Hay espacios monumentales que guardan secretos celosamente blindados durante siglos a los ojos de cualquier visitante que se acerque a contemplarlos. (Sí, nosotros también nos quedamos boquiabiertos al enterarnos de esta histórica apertura en plena sierra madrileña).
Nos pasamos la vida visitando los mismos rincones turísticos de siempre, convencidos erróneamente de que ya lo habíamos visto absolutamente todo. Sin embargo, la historia de nuestro arte patrio siempre guarda un as en la manga capaz de dejarnos completamente sin palabras.
La joya renacentista que nadie había podido pisar
Por primera vez en su dilatada historia, el Real Monasterio de San Lorenzo de El Escorial permite el acceso público a uno de sus enclaves más singulares.
Se trata del imponente Patio de los Evangelistas, un recinto que hasta ahora había permanecido totalmente vetado para el turismo general. La intervención ha requerido una inversión total de 1,7 millones de euros procedentes directamente de los fondos europeos de recuperación.
El objetivo principal era devolver al corazón espiritual del monasterio su aspecto original de puro estilo renacentista. Un valioso plano histórico datado en 1865 y custodiado en el Archivo General de Palacio ha servido de mapa milimétrico para guiar la restauración del jardín.
Esta exhaustiva labor de investigación documental ha permitido recuperar la armonía perfecta entre la piedra, la vegetación y el agua.

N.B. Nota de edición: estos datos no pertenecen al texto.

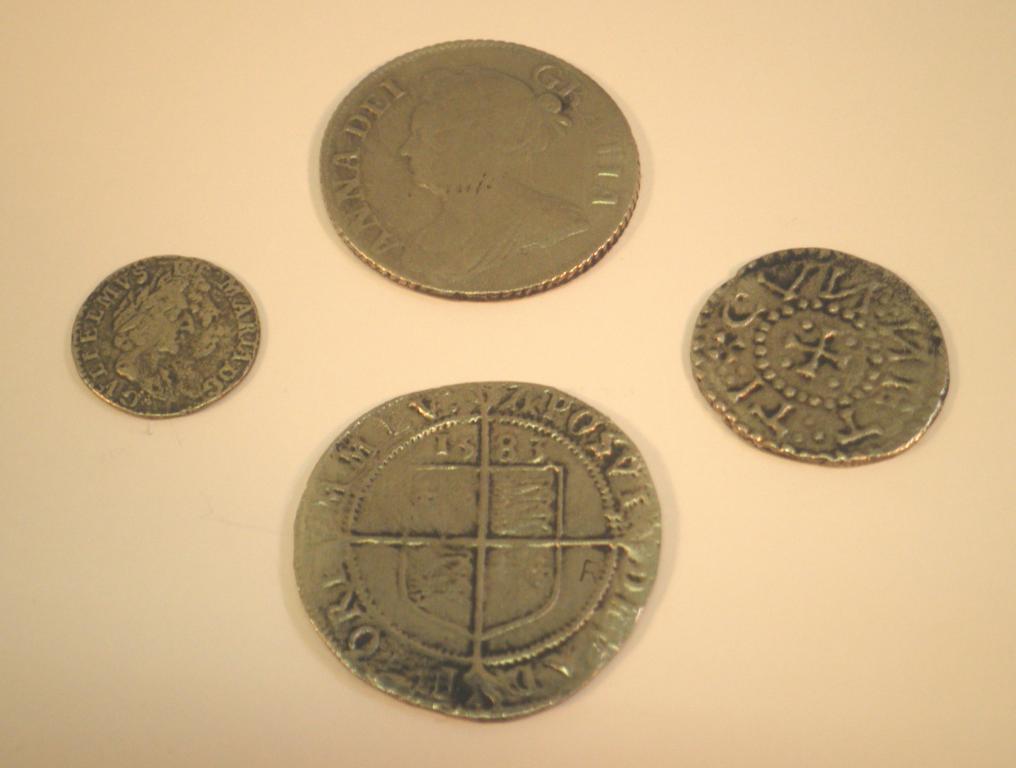 Appraisal: A hammered silver six pence type coin a silver two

Detalles milimétricos y tecnología invisible
Las actuaciones ejecutadas sobre el terreno han abarcado la completa renovación del enlosado de granito y la recuperación de los cuatro estanques históricos.
También se han rehabilitado los doce cuadros ajardinados introduciendo especies vegetales acordes al diseño original concebido como un paraíso terrenal.
Para garantizar su conservación a largo plazo, se ha instalado un innovador cortavientos de vidrio en el acceso principal situado frente a la escalera. Este sistema protege eficazmente las valiosas pinturas murales firmadas por Pellegrino Tibaldi frente a las inclemencias meteorológicas.
Disfrutar de este claustro durante todo el año ya es una realidad que enriquece de manera exponencial la oferta cultural y patrimonial de Madrid.
¿De verdad te estás perdiendo la oportunidad de caminar por un paraíso renacentista que ha permanecido oculto durante generaciones enteras en nuestro país?